When it comes to the PRC, we openly acknowledge it is the only country with both the intent to reshape the international order and, potentially, the economic, diplomatic, military, and technological power to do it.
At the same time, China is integral to the global economy. The United States and the PRC can and should work together on global challenges like macroeconomic stability, climate change, health security, and food security.
The United States will conduct itself as a reasonable leader. We do not seek conflict. We do not seek a Cold War. Let me repeat, we do not seek a Cold War.
But we will be unabashed in promoting our vision of a free, open, secure, and prosperous world and what we have to offer communities of nations.
These include investments that are designed not to foster dependency, but to alleviate burdens and help nations become self-sufficient.
Partnerships not to create political obligations, but mutually beneficial relationships.
We will not illegally fish in other nations’ waters. We do not militarize islands and then claim an economic zone around them. We will not send merchant vessels to harass the sailors of other countries. Nor will we use debt as leverage to undermine other nations’ sovereignty.
We don’t expect every country to have the exact same assessment of China as we do.
We know that many countries – including the United States – have vital economic or people-to-people ties with China that they want to preserve.
This is why we firmly believe that “competition” in the Indo-Pacific is not about forcing countries to choose. It’s about offering an alternative vision based on respect, prosperity, and partnership.
In closing, it’s my hope that our definition of competition in this region allows us to renew our sense of purpose and reinvigorate our commitment to a shared vision for the Indo-Pacific.

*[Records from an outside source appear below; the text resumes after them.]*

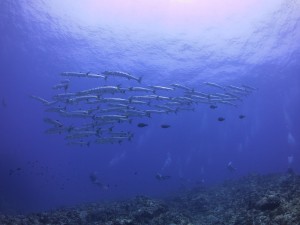 IMG_3431
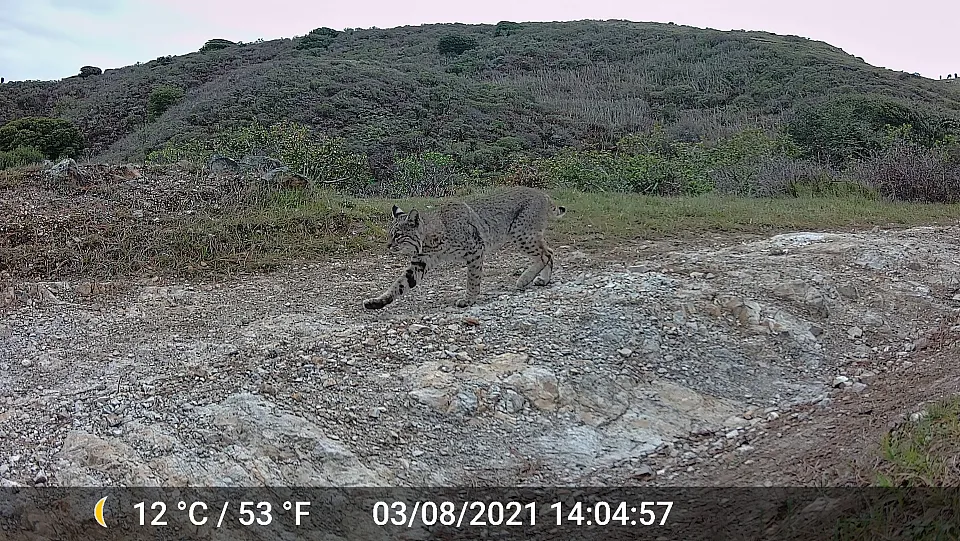 Wildlife sightings feature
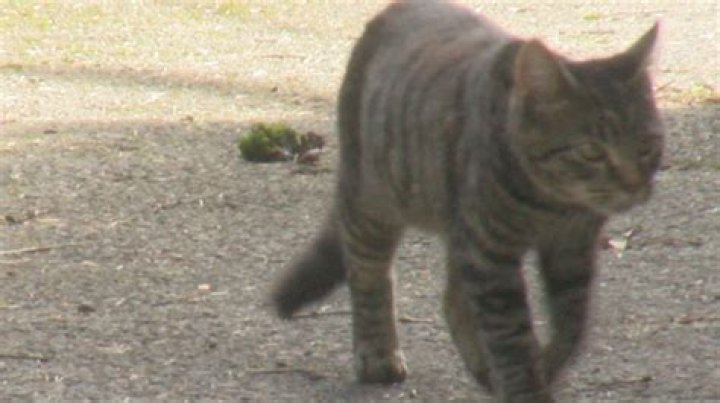 How you help stray animals as cold weather quickly approaches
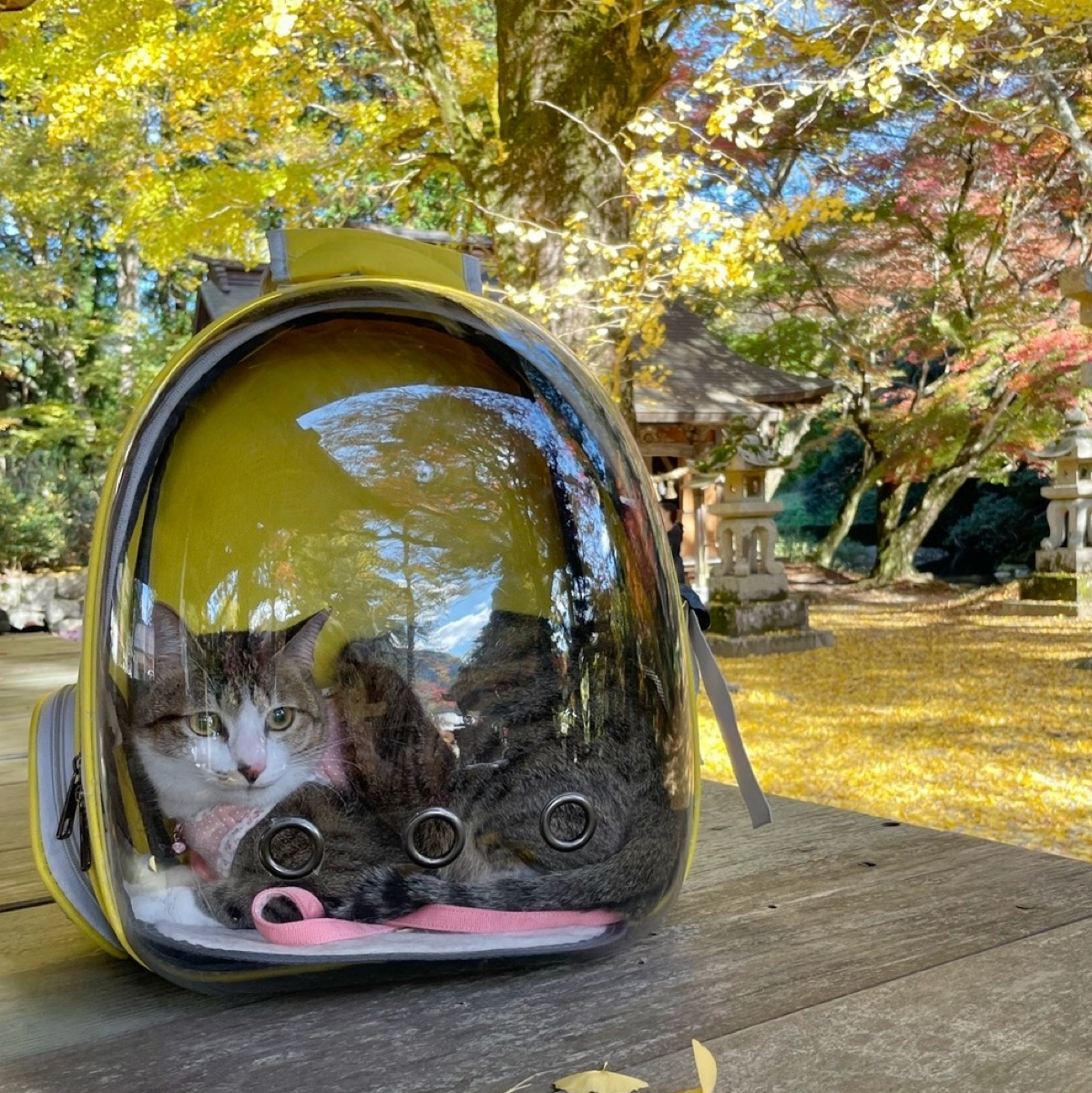 スケルトンリュック 1枚目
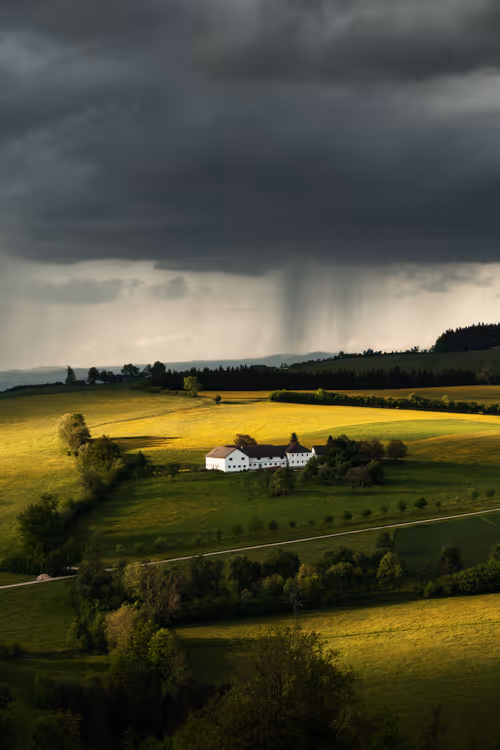 Item #54782985974607347148720532699414835129345073352407786523574901508832363544577 Media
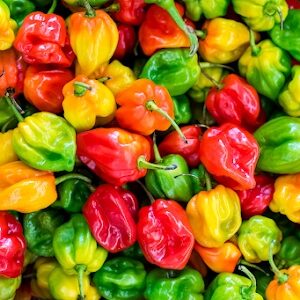 Piment 500g
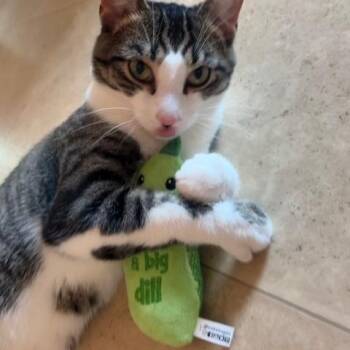 Ariel -  Domestic Short Hair Cat for Adoption in Oberlin, Ohio - Ariel | PetCurious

Together, we stand as stewards of stability, prosperity, and inclusivity. By championing democracy, human rights, and open dialogue, we pave the way for a region that not only endures but thrives.
Through the recognition of our sovereign foreign policy prerogatives, we forge partnerships that based on mutual respect, shared aspirations, and, especially in the case of our friends on this panel, partnerships and alliances that transcend borders and stand as a testament to our collective commitment to a stable and prosperous Indo-Pacific.
I look forward to hearing from the distinguished envoys from the United Kingdom, Canada, Australia, and Japan.